Willard Residents Stop Showering for Month of February to Win Green Cup

Willard Residents Stop Showering for Month of February to Win Green Cup

EVANSTON – Willard residents have decided to take drastic measures in order to retain their title as the “Greenest Dorm (With a Dining Hall) on Campus” from the Green Cup last year. Most notably, all Willardites will forgo showers for the entire month of February to win the prestigious title in 2011.

“Not showering for a whole month is really going to help secure our victory,” said Willard president Jackson Drapple. “Not to mention that it’s been proven that not taking showers really helps reduce global warming.” 

Drapple said that Willard is conserving energy in a variety of other ways as well, such as using outhouses instead of the bathrooms, refraining from washing hands, dishes or clothes, studying by crank light, and destroying the laptops of anyone found using the Internet. 

Some residents are going above and beyond and coming up with their own ways to save water and electricity.

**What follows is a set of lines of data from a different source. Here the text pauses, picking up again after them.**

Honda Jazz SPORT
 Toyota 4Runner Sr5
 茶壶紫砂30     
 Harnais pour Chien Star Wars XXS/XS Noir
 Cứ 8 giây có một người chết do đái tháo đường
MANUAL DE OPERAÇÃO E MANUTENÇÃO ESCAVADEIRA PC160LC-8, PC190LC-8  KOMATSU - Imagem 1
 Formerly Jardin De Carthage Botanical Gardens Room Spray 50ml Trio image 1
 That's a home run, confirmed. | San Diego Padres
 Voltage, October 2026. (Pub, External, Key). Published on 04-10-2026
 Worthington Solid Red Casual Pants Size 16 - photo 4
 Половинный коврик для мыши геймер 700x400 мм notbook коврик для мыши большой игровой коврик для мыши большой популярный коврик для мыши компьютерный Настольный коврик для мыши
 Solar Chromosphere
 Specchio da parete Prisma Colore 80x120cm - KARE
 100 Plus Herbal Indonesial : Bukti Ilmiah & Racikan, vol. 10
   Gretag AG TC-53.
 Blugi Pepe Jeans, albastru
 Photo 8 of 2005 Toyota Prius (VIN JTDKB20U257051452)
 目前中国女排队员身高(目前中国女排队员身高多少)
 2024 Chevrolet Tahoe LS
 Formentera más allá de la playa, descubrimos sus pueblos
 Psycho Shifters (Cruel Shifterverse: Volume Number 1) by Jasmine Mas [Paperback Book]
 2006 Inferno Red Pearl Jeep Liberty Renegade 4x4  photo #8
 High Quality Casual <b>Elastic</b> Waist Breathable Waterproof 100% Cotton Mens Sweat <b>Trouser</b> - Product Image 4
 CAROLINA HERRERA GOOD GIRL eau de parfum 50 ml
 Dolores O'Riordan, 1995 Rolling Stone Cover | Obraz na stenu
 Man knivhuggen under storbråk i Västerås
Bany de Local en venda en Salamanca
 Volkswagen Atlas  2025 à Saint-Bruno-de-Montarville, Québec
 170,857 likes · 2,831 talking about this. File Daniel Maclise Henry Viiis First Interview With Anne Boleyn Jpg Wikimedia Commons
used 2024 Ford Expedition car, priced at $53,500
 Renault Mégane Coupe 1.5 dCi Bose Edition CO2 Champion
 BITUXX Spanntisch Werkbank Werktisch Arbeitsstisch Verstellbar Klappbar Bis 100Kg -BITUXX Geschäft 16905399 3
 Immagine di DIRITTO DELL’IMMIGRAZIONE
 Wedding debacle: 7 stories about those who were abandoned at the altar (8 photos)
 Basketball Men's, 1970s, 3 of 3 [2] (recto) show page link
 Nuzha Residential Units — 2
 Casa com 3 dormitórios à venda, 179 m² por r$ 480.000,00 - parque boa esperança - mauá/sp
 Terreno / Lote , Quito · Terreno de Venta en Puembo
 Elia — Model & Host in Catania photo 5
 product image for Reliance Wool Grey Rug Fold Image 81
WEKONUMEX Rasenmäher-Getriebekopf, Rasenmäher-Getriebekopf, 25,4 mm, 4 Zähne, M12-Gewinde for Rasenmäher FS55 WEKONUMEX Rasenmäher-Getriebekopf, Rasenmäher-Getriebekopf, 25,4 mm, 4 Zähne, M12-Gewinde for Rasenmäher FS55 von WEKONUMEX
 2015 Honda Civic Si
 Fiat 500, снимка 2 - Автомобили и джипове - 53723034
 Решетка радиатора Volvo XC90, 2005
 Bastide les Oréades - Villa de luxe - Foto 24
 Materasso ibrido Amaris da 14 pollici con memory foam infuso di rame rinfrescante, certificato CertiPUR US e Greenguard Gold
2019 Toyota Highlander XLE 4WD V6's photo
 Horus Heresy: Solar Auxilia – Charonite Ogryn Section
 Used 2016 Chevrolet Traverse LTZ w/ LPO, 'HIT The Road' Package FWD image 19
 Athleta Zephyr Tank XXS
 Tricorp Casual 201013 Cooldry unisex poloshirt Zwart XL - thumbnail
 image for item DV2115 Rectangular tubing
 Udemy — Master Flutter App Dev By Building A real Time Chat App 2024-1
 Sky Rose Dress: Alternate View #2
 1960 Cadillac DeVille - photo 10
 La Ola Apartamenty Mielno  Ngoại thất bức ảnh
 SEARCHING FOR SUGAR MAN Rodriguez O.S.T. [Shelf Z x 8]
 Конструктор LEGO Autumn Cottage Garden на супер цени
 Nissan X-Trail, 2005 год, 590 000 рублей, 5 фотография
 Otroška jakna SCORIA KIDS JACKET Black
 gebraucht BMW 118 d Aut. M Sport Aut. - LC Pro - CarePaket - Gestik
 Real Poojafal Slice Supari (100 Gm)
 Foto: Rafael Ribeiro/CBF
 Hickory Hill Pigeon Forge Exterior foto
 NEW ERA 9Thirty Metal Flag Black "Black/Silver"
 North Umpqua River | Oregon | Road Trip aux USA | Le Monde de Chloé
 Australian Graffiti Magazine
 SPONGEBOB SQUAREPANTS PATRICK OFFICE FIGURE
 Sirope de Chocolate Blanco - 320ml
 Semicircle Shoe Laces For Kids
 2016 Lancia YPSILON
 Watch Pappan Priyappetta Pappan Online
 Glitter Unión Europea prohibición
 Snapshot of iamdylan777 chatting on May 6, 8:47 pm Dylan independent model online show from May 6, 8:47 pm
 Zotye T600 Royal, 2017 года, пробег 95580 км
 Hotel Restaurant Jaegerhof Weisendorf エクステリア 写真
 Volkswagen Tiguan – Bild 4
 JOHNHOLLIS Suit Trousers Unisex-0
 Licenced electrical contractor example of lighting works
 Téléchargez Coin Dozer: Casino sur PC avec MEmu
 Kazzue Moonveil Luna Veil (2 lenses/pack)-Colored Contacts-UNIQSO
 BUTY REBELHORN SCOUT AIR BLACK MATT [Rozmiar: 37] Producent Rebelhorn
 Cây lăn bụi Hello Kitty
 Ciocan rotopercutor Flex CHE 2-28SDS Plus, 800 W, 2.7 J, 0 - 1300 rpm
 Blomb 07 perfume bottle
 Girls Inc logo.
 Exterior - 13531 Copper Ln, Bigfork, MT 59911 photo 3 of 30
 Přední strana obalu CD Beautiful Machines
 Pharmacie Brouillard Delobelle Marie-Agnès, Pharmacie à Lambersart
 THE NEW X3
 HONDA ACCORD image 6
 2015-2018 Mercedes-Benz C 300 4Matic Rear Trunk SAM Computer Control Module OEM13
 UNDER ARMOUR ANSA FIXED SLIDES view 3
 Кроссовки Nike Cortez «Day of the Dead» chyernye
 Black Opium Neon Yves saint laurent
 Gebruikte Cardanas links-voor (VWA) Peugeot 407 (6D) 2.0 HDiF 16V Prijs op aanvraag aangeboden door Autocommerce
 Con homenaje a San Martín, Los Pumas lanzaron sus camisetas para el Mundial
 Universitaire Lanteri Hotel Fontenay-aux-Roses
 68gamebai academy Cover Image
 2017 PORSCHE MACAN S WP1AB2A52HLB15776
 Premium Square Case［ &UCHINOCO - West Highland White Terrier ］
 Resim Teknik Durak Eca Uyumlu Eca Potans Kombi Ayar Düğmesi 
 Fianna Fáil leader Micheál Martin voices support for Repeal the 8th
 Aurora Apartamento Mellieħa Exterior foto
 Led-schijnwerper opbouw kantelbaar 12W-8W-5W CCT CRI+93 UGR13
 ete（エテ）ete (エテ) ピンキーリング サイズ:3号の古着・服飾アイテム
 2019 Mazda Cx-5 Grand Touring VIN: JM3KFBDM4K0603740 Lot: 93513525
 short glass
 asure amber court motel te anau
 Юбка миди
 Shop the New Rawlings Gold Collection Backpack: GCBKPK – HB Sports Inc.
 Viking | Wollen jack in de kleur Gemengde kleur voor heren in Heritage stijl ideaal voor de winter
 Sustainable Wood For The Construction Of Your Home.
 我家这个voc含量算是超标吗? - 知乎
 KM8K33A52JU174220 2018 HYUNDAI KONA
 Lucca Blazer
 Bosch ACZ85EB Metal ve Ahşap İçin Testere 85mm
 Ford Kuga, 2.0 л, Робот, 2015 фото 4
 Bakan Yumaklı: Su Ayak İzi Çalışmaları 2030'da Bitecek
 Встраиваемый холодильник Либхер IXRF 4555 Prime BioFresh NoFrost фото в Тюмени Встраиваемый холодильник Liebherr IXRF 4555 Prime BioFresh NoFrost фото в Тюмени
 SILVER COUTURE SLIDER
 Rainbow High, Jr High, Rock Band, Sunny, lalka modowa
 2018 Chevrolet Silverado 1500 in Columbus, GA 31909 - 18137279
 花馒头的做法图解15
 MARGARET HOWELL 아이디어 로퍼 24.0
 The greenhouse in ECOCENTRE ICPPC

“I’m going to poison all the food in the dining hall so that people who eat it get sick and don’t eat here anymore,” said Willard sophomore Melissa Auburn. “Then they’ll all go to Hinman and use up all their energy every day, not just on weekends when we’re closed.”

The Green Cup is expected to promote environmental awareness as well as a sense of school unity and friendly competition. 

“We really just want to make a difference in the environment,” Drapple said as noxious fumes radiated from his unwashed body. “Well, that, and prove to those obnoxious Elder people that we aren’t losers who never do anything fun! Not only does winning mean we get a whole brand new set of light bulbs for the building, but we get bragging rights for an entire year, and you just know everyone on campus is going to wish they were us. We’re going to crush them.”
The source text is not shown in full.